### EXERCISE DESCRIPTION
Verbatim copy, images omitted: return the full listing.

### INFORMATION SUPPLIED
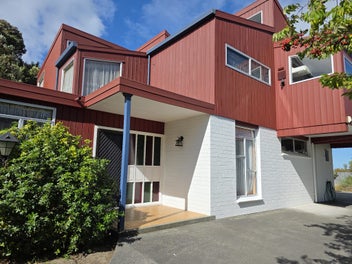 Image 1 of 21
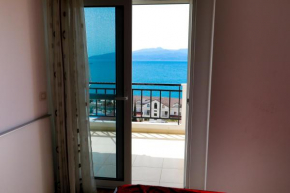 Albania Dream Apartment 22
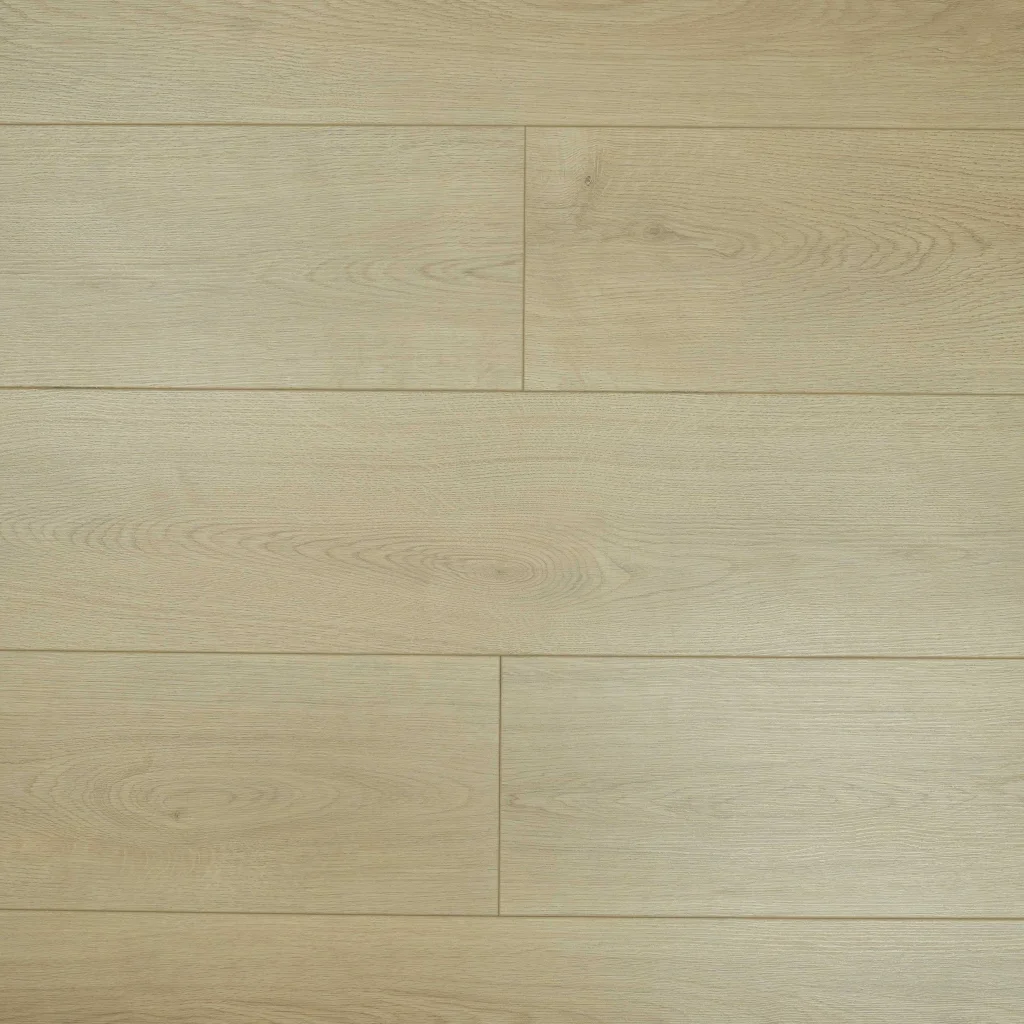 Panele podłogowe Dąb Satynowy AC4 8 mm, 5905450602161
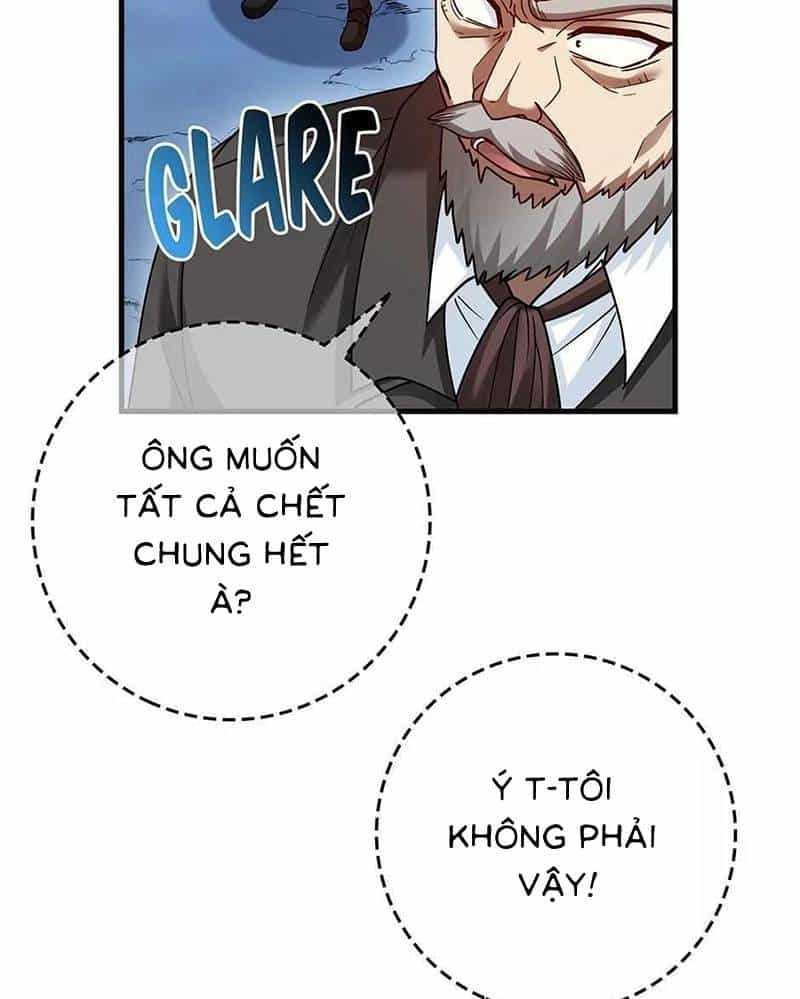Thiên Tài Võ Thuật Hồi Quy - Chương 43 - ảnh 127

### TASK RESULT
 Image 1 of 21
 Albania Dream Apartment 22
 Panele podłogowe Dąb Satynowy AC4 8 mm, 5905450602161
Thiên Tài Võ Thuật Hồi Quy - Chương 43 - ảnh 127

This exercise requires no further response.